The founder of the Bukkō-ji temple, Ryōgen (了源 1295–1336), was a disciple of Jōdo Shinshū Buddhism in the Kantō region, but moved to Kyoto in 1320 in order to set up a small chapel in the Yamashina area of Yamashiro Province (now part of modern-day Kyoto). The head of the Hongan-ji at the time, Kakunyo, initially was receptive of the idea and gave it the name Kōshō-ji (興正寺). Further, Kakunyo instructed his son Zonkaku to administer to Ryōgen religious training and Hongan-ji textual documents. Zonkaku and Ryōgen developed a strong rapport with one another during this period, but by 1324 the tension between Zonkaku and his father, Kakunyo, had worsened to the point that Kakunyo disinherited his son and disassociated himself with Ryōgen due to differences in understanding Hōnen and Shinran's teachings. Thus, when Kosho-ji was established in 1324, it was not done so under the blessing of Hongan-ji. Zonkaku was a priest along with Ryōgen in the formative years of the temple, and assisted with presiding over certain yearly festivals and writing manuals and texts to use.
In 1329 the following at Kosho-ji outgrew the building's capacity, and the building was relocated to Kyoto very close to Hongan-ji. Zonkaku renamed the temple Bukkō-ji, so as to disassociate it further from Kukanyo.

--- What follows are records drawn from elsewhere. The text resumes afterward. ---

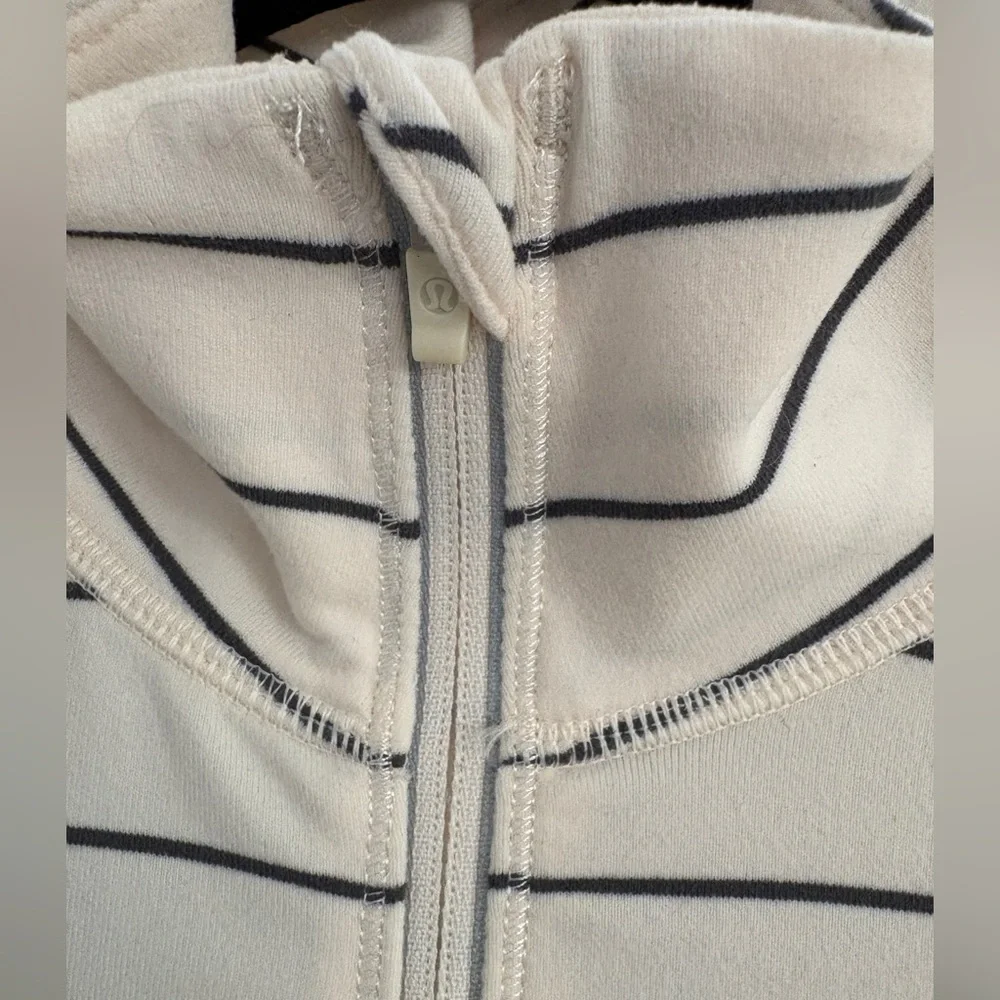 Lululemon Star Runner Sweatshirt Sz 10 - Picture 3 of 6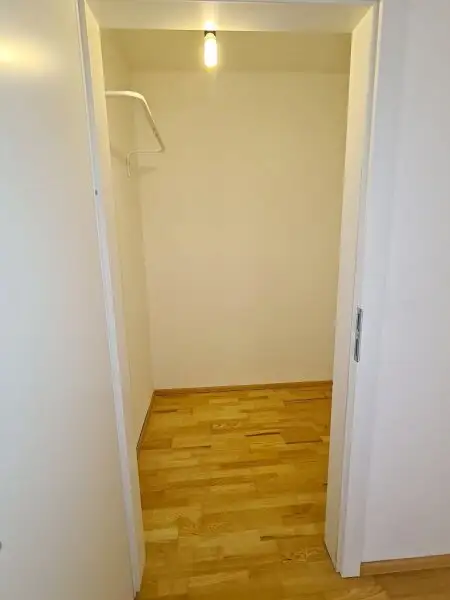 INNSTRASSE, FERNBLICK, unbefristete 97 m2 Dachgeschoß-Maisonette mit Loggia, 2 Zimmer, Komplettküche, Wannenbad, Parketten, gefördert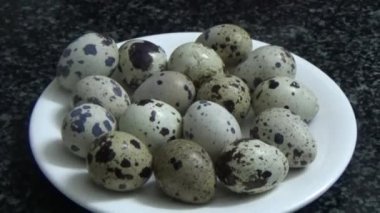 Masada bıldırcın yumurtası.
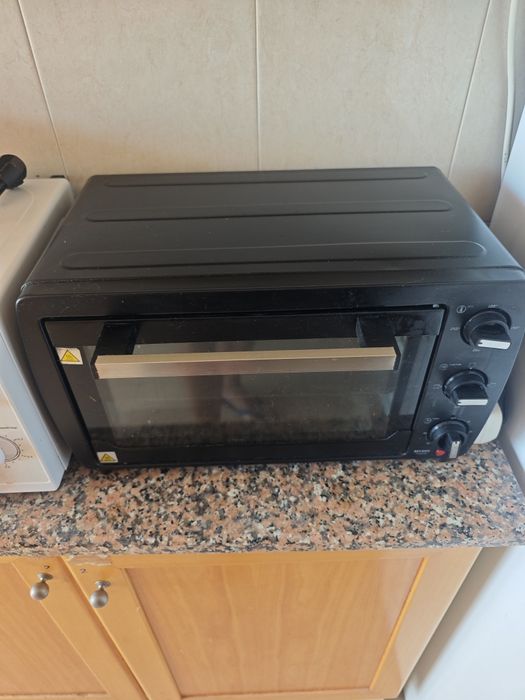 Kit de cozinha, fogão, forno, exaustor, forninho,de mudança pra vender rápido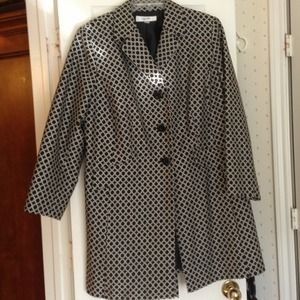 Detailed Black Blazer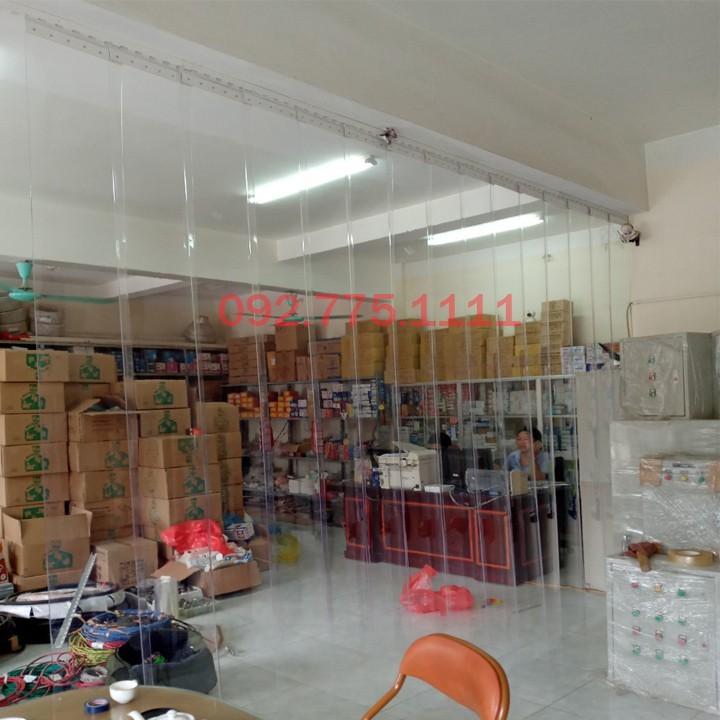 Rèm nhựa trong suốt ngăn lạnh điều hòa.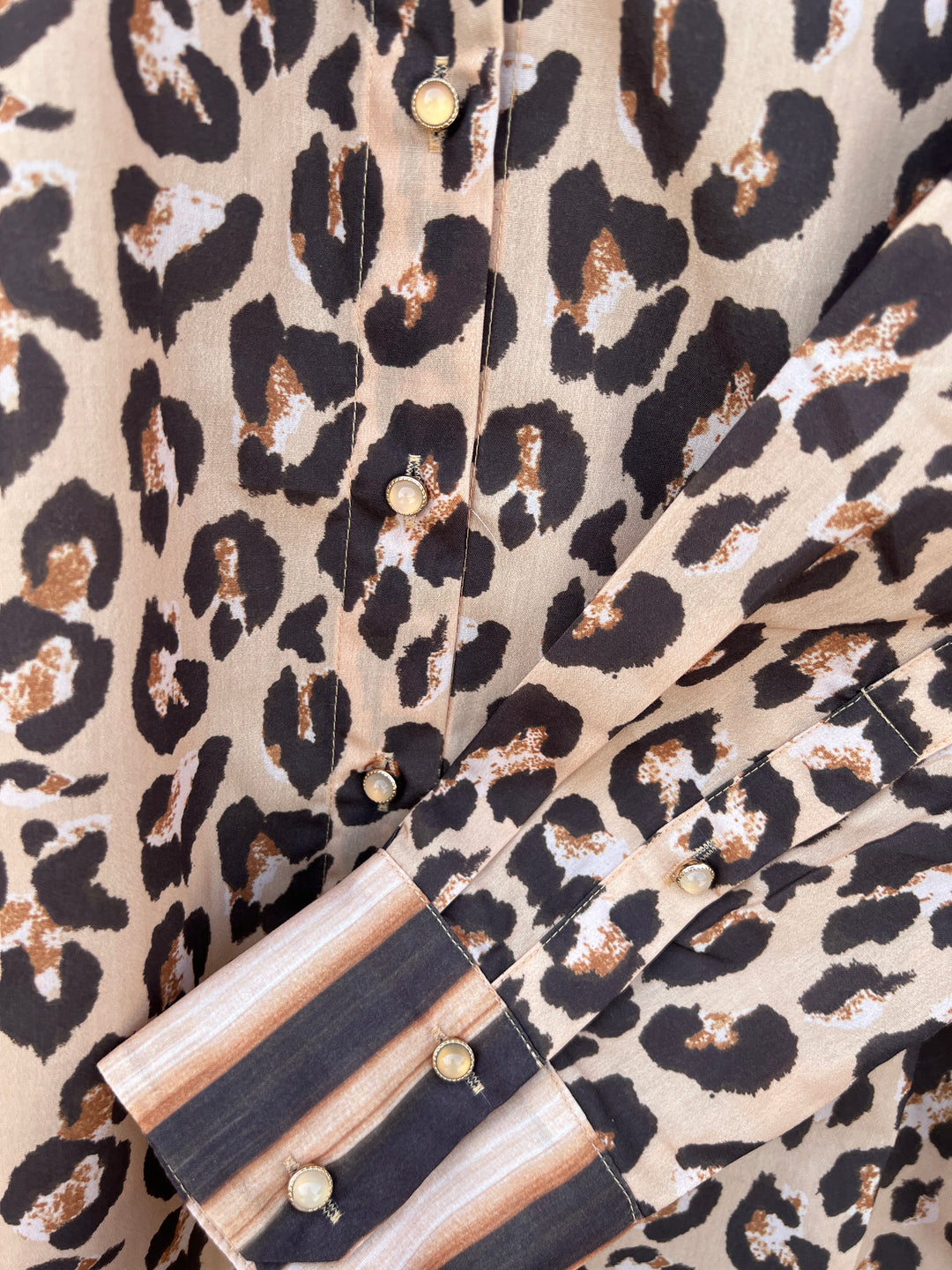 Leopard Button Up close up Blouse Quality Women&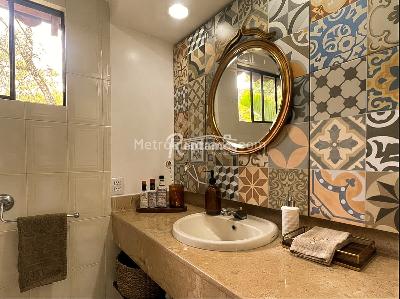Casa de 4 alcobas en arriendo en El Tesoro, Medellín, 250 m² · foto 14 de 20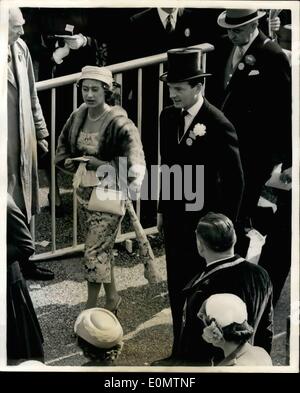 21. Juni 1956 - 21.6.56 Prinzessin Margaret und ihr in Ascot Escort. Foto zeigt: H.R.H. Prinzessin Margaret in Ascot am Dienstag, dem ersten Tag des Royal Ascot Treffen mit ihrer Escort Dame gesehen, die trug eine schwarze Topper anstatt traditionelle grau. Stockfoto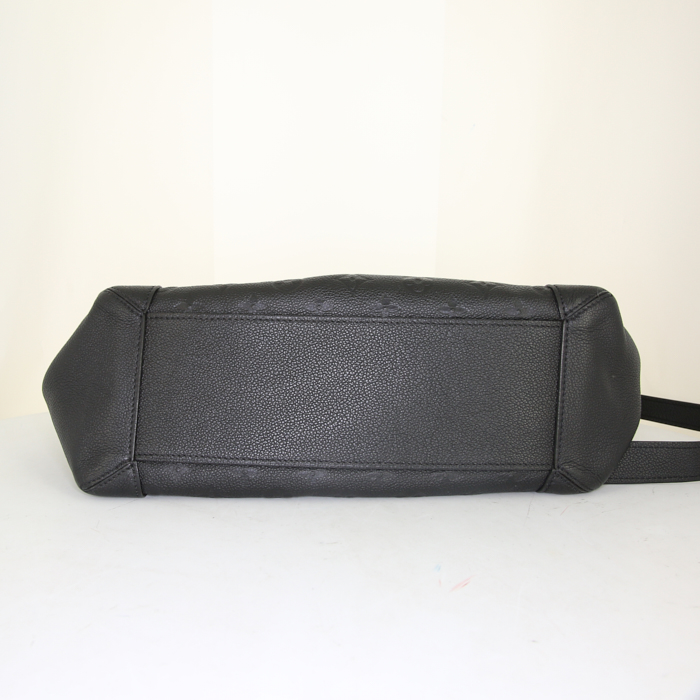 Louis Vuitton Bagatelle shoulder bag in black empreinte monogram leather - Detail D5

In the coming decade Bukkō-ji became more successful than Hongan-ji, and Ryōgen was traveling into new provinces teaching Hōnen and Shinran's message and using a style of proselytizing similar to the Ji-shū school, including:
- Use of nembutsu inscriptions for followers.
- "Salvation registers" (myōchō 名帳), a register of followers who declare their faith in Amitabha Buddha, and thus establish a karmic link with that Buddha.
- Portrait lineages (ekeizu 絵系図), which provided a visual representation of one's lineage, starting with their immediate teacher, and extending back to past Pure Land Buddhist masters.
The Bukkō-ji lineage thus had a more hierarchical and evangelical structure than the competing Hongan-ji lineage. Use of registers, lineages and such placed greater importance on the local priest, who in turn relied on the parent temple, whereas in the Hongan-ji lineage priests and followers were technically equal. Like all Shinshu sects, priests were allowed to marry and raise families, and regularly drew followers from lower-class peasant and artisan communities.
In 1336, while touring the provinces, Ryōgen was murdered by a group of bandits. Genran (1318–1347), Ryōgen's son, took over the temple but died shortly after. In spite of this setback, the temple continued to flourish, and was singled out by Kakunyo in his Gaijashō (改邪鈔, "Notes Rectifying Heresy") for criticism of its practices.
From the time of the temple's founding until Rennyo unified many of these disparate branches, Bukkō-ji spread its teachings to the provinces of Tōtōmi, Iga, Ise, Owari and Mikawa. But when Rennyo took control of Hongan-ji, the Bukkō-ji lost many members to him. Kyōgō (died 1490), who was next in-line to become the head of Bukkō-ji left to train under Rennyo at Hongan-ji. Kyōgō's motives are unclear.
Kyōgō went on to found his own temple, in affiliation with Hongan-ji, he called Kosho-ji, the original name intended for Bukkō-ji. This move attracted yet more Bukkō-ji adherents away. Historically, Bukkō-ji has continued to be an influential temple in the Hongan-ji network and always follows the Hongan-ji if the latter relocates.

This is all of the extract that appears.